_Exercise instructions_
Once you reach the line with "Orijen grain free" below, copy each line exactly, stopping after the line with "3pcs Mini Easter", and skip any pictures.

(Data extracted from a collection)
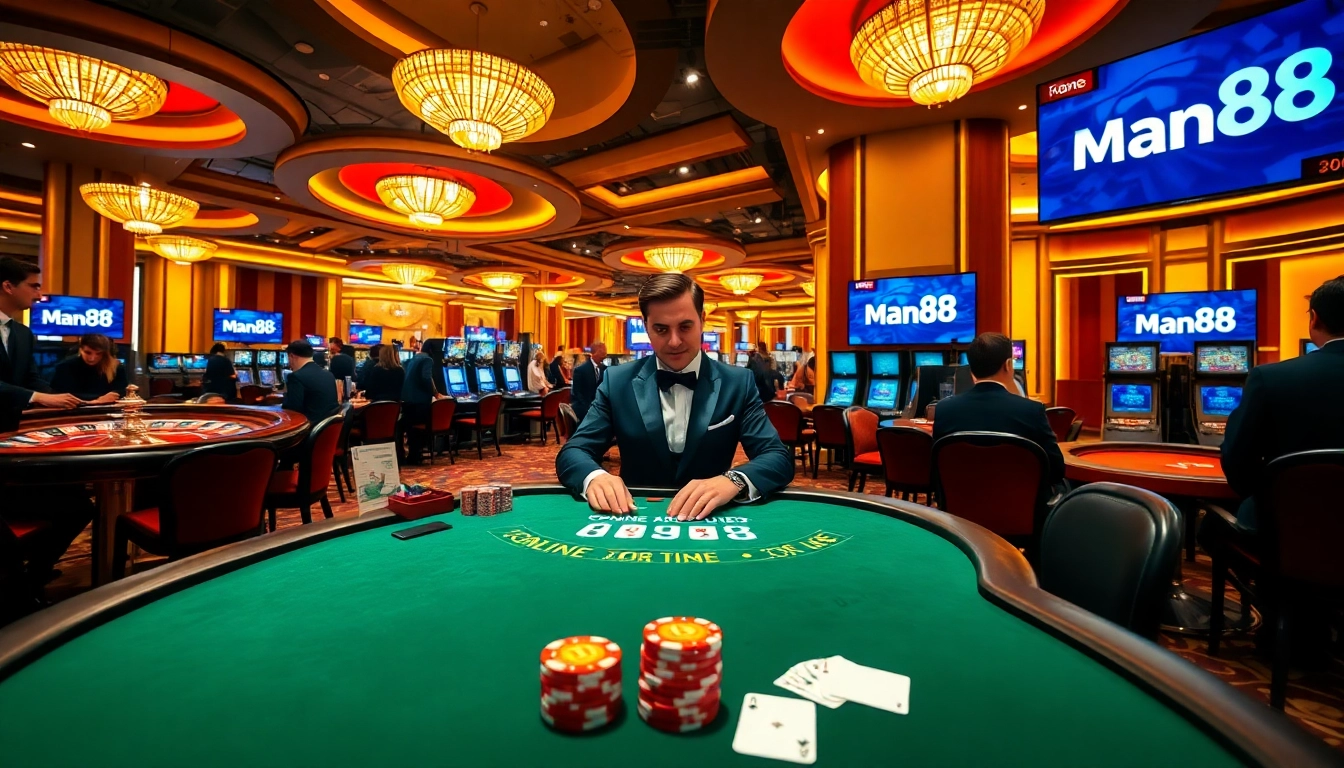 Players enjoying a thrilling game at a high-stakes Man88 casino table with chips and cards.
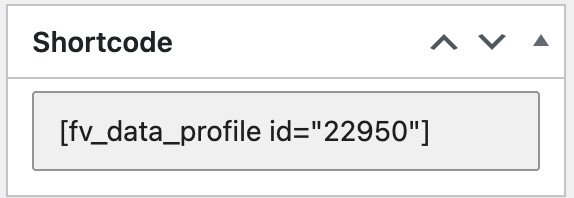 Published Data Profile with the generated shortcode visible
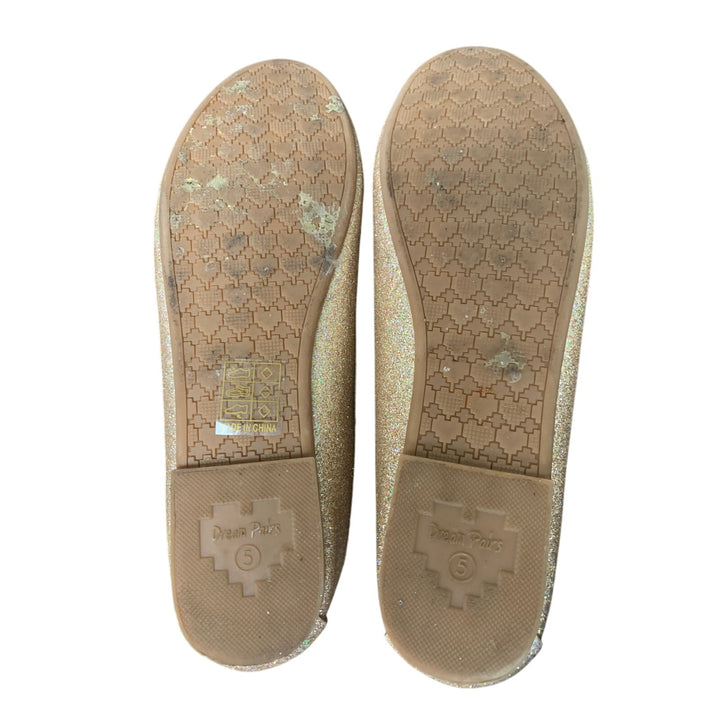 Dream Pairs Big Girls Size 5 Gold Glitter Rhinestone Bow Slip On Ballet Flats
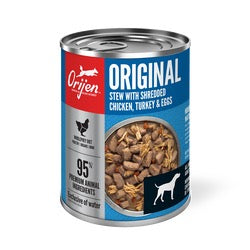 Orijen grain free wet dog food in a can with shredded chicken, turkey, and eggs for premium nutrition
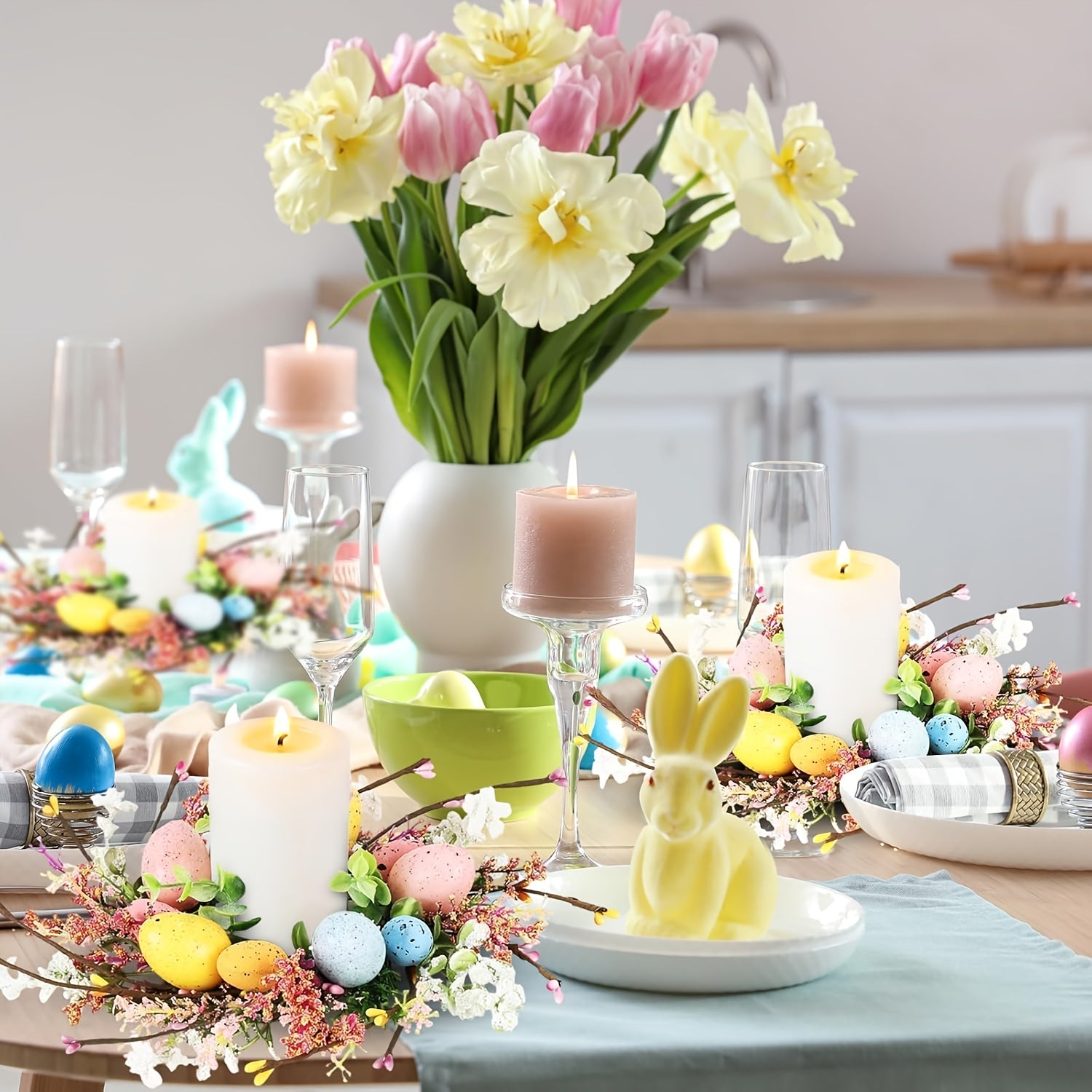 3pcs Mini Easter Candle Wreaths with Ribbon Bow & Berries - Spring Table Centerpieces Suitable for Farmhouse Decor, Artificial Daisies Wildflowers Wreath Holders for Candles, Eggs, for Kitchen Decoration, Plastic Ring Wreath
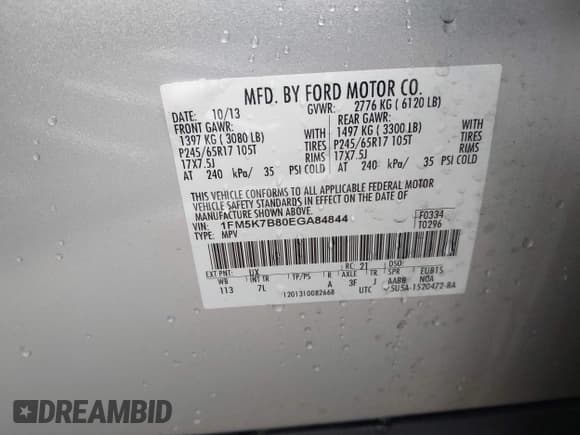 ✅ 2014 Ford Explorer • VIN: 1FM5K7B80EGA84844 • Лот: 43332798. Опубликован ранее на IAAI с пробегом 153 399 миль. Бесплатный доступ к архиву аукционных продаж из США и подробный отчёт об истории автомобиля на DreamBid. Изображение 9.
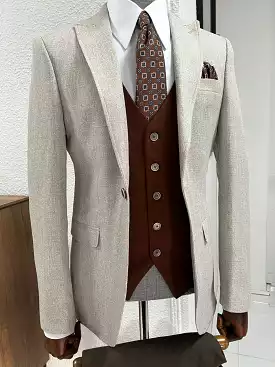 Slim Fit Pointed Collar Beige Vest Suit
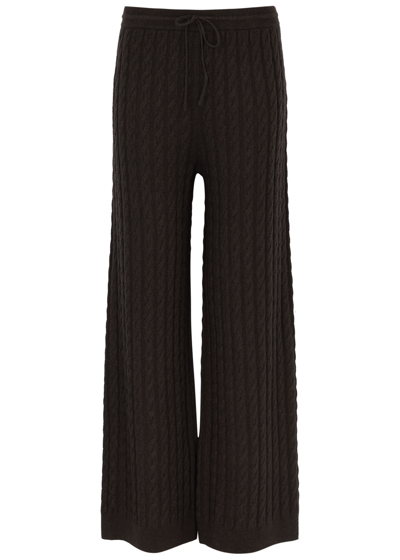 Totême Cable-knit Wool And Cashmere-blend Wide-leg Pants In Dark Brown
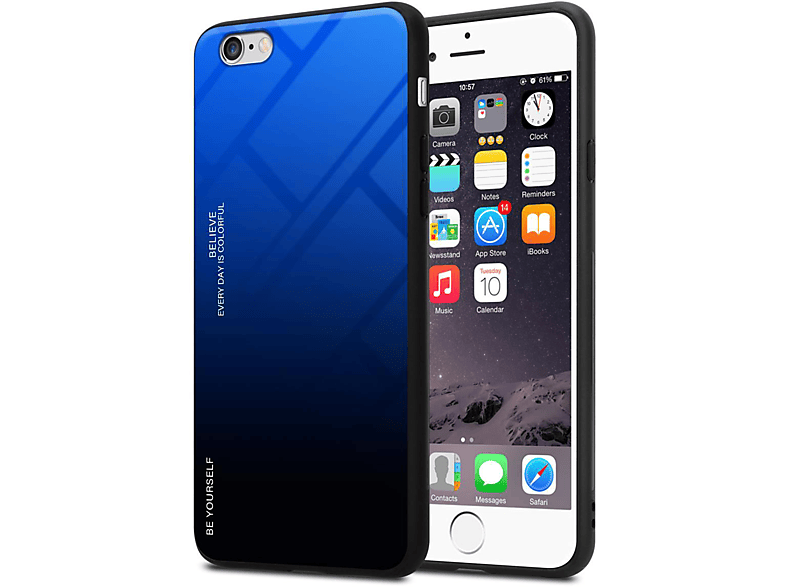 Hülle Silikon 2 Apple, Backcover, iPhone aus BLAU TPU CADORABO SCHWARZ Farben 6 Glas, 6S, / -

_Output_
 Orijen grain free wet dog food in a can with shredded chicken, turkey, and eggs for premium nutrition
 3pcs Mini Easter Candle Wreaths with Ribbon Bow & Berries - Spring Table Centerpieces Suitable for Farmhouse Decor, Artificial Daisies Wildflowers Wreath Holders for Candles, Eggs, for Kitchen Decoration, Plastic Ring Wreath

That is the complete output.